Johanna Draper Carlson has the details on who won what at this past weekend’s Glyph Comics Awards at ECBACC. She also has some interesting remarks on the awards, particularly in terms of women represented and the number of projects that won multiple awards.
Here’s the list, and commentary/thoughts from me below.
Story of the Year
Unknown Soldier #13-14, Joshua Dysart, writer, Pat Masioni, artist
Alex Simmons, Archie & Friends
Jay Potts, World of Hurt
Best Male Character
Isaiah Pastor, World of Hurt, created by Jay Potts, writer and artist
Best Female Character
Aya, Aya: The Secrets Come Out, created by Marguerite Abouet, writer, Clement Oubrerie, artist
Rising Star Award
Jay Potts, World of Hurt
Best Reprint Publication
Aya: The Secrets Come Out, Drawn & Quarterly
Luke Cage Noir #1, Tim Bradstreet, illustrator
Best Comic Strip
The K Chronicles, Keith Knight, writer and artist
Fan Award for Best Comic
Luke Cage Noir, Mike Benson & Adam Glass, writers, Shawn Martinbrough, artist
I’m not sure of the protocol on judges speaking after the fact, so if I’ve over-stepped, please forgive me. I co-judged this years awards, and I’ve got to say that I’m pretty pleased with how they turned out. Here’s a few brief anecdotes/bits about the winners-
-Unknown Soldier 13 and 14 are collected in Unknown Soldier Vol. 2: Easy Kill. Dysart discusses a few of his favorite pages from that volume on DC’s Graphic Content blog. I talked a bit about Unknown Soldier last year as part of BHM, but I’m well past due for an update.

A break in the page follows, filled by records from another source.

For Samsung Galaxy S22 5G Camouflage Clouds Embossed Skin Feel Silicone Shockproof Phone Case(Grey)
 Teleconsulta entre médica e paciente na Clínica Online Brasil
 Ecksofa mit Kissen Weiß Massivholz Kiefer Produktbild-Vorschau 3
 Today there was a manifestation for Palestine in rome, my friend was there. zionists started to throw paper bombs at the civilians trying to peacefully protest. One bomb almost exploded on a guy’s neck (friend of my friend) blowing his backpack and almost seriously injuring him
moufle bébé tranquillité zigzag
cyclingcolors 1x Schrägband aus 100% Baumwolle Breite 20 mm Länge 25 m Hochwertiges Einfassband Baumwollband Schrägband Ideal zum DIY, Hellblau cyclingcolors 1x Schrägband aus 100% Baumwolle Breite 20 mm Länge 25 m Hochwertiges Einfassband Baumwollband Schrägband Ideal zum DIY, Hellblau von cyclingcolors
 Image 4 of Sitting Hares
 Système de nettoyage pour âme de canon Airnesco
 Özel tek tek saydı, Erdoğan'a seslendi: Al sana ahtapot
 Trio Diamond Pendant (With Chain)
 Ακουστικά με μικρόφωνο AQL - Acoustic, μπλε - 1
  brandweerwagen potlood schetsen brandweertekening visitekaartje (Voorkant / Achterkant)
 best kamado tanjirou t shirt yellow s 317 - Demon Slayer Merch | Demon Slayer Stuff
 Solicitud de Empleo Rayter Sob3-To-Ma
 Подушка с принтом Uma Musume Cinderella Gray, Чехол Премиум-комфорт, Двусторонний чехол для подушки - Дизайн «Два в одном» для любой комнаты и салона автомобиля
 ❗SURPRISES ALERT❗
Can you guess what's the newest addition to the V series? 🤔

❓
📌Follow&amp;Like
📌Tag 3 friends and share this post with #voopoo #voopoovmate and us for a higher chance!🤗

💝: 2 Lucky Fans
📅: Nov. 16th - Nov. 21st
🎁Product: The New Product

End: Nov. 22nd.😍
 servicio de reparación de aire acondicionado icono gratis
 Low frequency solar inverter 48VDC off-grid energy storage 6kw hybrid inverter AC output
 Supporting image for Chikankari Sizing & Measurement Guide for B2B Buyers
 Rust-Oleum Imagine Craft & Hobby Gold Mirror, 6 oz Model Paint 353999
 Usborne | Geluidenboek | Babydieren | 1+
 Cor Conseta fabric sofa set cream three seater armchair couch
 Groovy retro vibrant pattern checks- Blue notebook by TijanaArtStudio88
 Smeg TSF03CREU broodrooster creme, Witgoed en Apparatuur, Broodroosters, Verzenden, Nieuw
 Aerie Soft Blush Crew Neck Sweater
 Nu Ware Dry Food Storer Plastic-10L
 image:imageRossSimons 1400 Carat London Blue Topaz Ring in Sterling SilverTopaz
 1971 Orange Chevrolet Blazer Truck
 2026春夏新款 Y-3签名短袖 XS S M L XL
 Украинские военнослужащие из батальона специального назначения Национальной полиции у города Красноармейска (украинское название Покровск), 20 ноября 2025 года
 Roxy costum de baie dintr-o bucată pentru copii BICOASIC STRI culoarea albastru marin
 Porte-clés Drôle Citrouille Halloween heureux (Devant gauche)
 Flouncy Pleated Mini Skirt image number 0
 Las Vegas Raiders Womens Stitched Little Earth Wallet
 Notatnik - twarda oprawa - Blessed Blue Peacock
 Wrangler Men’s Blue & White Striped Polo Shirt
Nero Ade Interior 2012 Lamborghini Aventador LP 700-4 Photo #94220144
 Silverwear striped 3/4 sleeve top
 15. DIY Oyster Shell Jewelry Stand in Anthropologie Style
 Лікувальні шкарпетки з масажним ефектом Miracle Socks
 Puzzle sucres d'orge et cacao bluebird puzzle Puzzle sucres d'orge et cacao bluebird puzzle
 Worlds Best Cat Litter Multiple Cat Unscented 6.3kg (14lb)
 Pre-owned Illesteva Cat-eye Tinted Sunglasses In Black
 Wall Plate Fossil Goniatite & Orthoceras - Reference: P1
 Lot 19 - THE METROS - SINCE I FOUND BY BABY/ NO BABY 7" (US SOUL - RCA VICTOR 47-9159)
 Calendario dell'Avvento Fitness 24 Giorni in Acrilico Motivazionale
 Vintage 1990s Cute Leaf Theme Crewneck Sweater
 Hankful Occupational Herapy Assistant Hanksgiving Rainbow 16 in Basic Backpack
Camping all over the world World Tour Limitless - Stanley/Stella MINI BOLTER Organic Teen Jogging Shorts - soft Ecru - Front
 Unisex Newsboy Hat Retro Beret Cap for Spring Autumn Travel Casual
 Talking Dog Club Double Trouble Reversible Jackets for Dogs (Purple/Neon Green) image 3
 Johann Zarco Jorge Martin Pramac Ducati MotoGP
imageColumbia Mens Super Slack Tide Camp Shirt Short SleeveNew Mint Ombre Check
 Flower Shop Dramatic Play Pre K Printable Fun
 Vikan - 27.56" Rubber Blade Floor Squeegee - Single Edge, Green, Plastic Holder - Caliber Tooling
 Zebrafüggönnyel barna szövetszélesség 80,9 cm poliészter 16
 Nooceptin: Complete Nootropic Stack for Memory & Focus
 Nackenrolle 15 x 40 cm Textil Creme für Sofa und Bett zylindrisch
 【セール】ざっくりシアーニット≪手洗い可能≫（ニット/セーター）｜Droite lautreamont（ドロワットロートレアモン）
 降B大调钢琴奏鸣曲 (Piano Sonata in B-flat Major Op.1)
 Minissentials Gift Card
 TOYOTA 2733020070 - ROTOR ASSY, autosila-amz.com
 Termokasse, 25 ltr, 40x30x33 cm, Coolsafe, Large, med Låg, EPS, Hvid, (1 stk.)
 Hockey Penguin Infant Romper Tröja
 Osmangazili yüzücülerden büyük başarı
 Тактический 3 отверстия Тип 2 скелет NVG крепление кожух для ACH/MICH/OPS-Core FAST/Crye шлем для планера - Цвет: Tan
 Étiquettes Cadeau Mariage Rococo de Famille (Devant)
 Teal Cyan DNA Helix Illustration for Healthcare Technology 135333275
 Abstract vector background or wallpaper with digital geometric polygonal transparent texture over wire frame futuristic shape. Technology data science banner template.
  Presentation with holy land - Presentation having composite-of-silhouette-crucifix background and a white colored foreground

-In the “Small World” department, it turns out Alex Simmons co-created the dead and forgotten DC hero Orpheus, who I did a poor job of writing about a few years back. Simmons has been telling all-ages tales on Archie & Friends for the past couple years, in addition to documentaries, biographies, working with MoCCA, and launching a comic convention. The paths people take in comics are kind of funny sometimes. I think Tom DeFalco and Herb Trimpe have both done work on the Archie comics in recent memory, to name a couple other names you probably recognize. Archie & Friends All-Stars Volume 3: The Cartoon Life Of Chuck Clayton is the trade collecting the story of Chuck Clayton, “teenage cartoonist” and former Generic Comic Book Black Guy.
-Luke Cage Noir is out in a premiere hardcover, and it was a pretty good tale. I didn’t talk about it on the site, but the Funnybook Babylon gang mostly dug it. I liked how it played upon some of my preconceived notions going into the book, and the creators did a good job of telling a solid done-in-one tale. Here’s the cover:
-I like that most of these aren’t from the Big Two. I don’t say that to be mean or whatever, because the Big Two do what they do fairly well for the most part, but I think the really important work, the stuff you need to be paying attention two, aren’t going to come out of their factories. Supporting black comics isn’t supporting Luke Cage. It’s supporting the people who make the books. I think the Glyph awards do a great job of representing that. Bravo.